Наступят времена голода и бедности как во всем народе, так и порознь во всяком… — Ср.: ‘И один из них, по имени Агав, встав, предвозвестил Духом, что по всей вселенной будет великий голод, который и был при кесаре Клавдии, тогда ученики положили, каждый по достатку своему, послать пособие братьям’ (Деян. 11, 28, 29).
…нашествия двадцати иноплеменных языков… — Так говорилось о вторжении армии Наполеона в Россию в 1812 г., составленной из войск разных европейских народов.

<Наброски к несохранившимся главам>

Некоторые сведения о героях несохранившихся глав второго тома ‘Мертвых душ’ дошли до нас в отзывах и воспоминаниях лиц, слушавших эти главы в чтении Гоголя. Так, по свидетельству прото-иерея Матфея Константиновского, ‘в одной или двух’ главах ‘был опи-сан священник’ (Образцов Ф., прот. О. Матфей Константиновский, протоиерей Ржевского собора. По моим воспоминаниям // Тверские Епархиальные Ведомости. 1902. No 5. 1 марта. Часть неофициаль-ная. С. 138).

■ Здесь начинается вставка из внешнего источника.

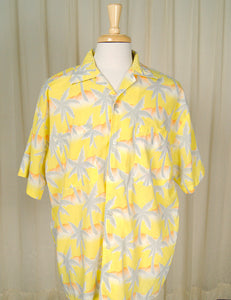 80s does 1960s Palm Tree Shirt Cats Like Us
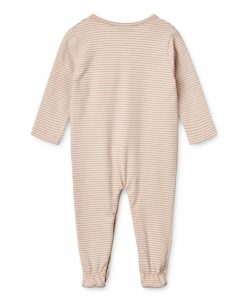 Bolig LIEWOOD Musthaves Til Baby | Bolde Babyjumpsuit Med Striber Y/D Stripe Sandy / Tuscany Rose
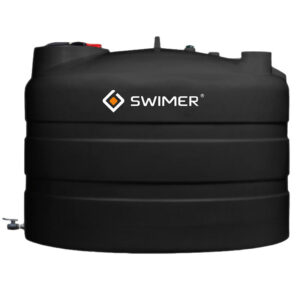 Naziemny zbiornik na deszczówkę Swimer Eco-Line ELJP 5000l w kolorze czarnym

Об этом же вспоминала А. О. Смирнова, прослушавшая несколько начальных глав второго тома летом 1849 г. На ее вопрос: ‘…неужели будут в поэме еще поразительнейшие явления?’ — Гоголь отвечал: ‘…погодите, будут у меня еще лучшие вещи: будет у меня свя-щенник, будет откупщик, будет генерал-губернатор’ (<Кулиш П. А> Николай М. Записки о жизни Н. В. Гоголя. Т. 2. С. 227). Та же А. О. Смирнова, в подмосковном имении которой Гоголь жил в конце июня — начале июля 1851 г., видела, по ее словам, ‘у него тетр<ади> в лист очень мелко. Покрыв<ал> платком. Я сказ<ала>, что я прочла — ‘Никита и генерал-губ<ернатор> разговарив<ают>‘. ‘А вот как! вы подглядываете! так я же буду запирать» (Смирнова-Россет А. О. Дневник. Воспоминания. С. 40).
25—26 июля 1851 г. Гоголь писал С. П. Шевыреву, которому незадолго перед тем в обстановке полной секретности прочел пятую и шестую главы: ‘Убедительно прошу тебя не сказывать никому о прочитанном, ни даже называть мелких сцен и лиц героев. Случились истории. Очень рад, что две последние главы, кроме тебя, никому не известны. Ради Бога, никому’. 27 июля Шевырев отвечал Гоголю: ‘Успокойся. Даже и жене я ни одного имени не назвал, не упомянул ни об одном событии. Только раз при тебе же назвал штабс-капитана Ильина, но и только. Тайна твоя для меня дорога, поверь. С нетерпением жду 7-й и 8-й главы. Ты меня освежил и упоил этим чтением’.
Кроме того, в записной книжке Гоголя 1846—1850 гг. сохранились два отрывка, посвященных, по-видимому, въезду Чичикова в город Тьфуславль. Первый набросок начинается с половины фразы: ‘…и заходящему солнцу краснели скирды сена, телеги и люди… Дорога спускалась вниз, внизу полукругом необозримая над долиной по ту сторону ровная линия, и гребнем ряд дерев. На правый бок линия прерывалась снова в бок горы с городом наверху, церкви, колокольни, дерева, домы чуть были видны сквозь сизый туман. Коляска спускалась ближе к гребле по мосту (по долине проходила река). Скоро <1> возвышенья понизились также. И город скрылся. С обоих боков сходили к долине круглобокие горы, насупротив одна против <другой>, а за ними третья насупротив Чичикова, облаченная туманом…’ Далее, после заметки ‘Черты городов’, в записной книжке располагается второй набросок: ‘Становилось душнее по мере приближения к городу. Воздух начал сгущаться от пыльных облаков, воздымаемых скрыпучими колесами телег, тяжело нагруженных мешками. Город на оврагах предстал пред глаза, овраги блистали, как бы исподнизу освещали<сь> где<-то> скрывшимся солнцем из-за дерев. Дерева же темного цвета громовой тучи. Открывшийся город как бы из двух состоял половин: одна выдвигалась длинной цепью домов и колокольней вперед, другая, позади, освещалась, блестя, солнцем’.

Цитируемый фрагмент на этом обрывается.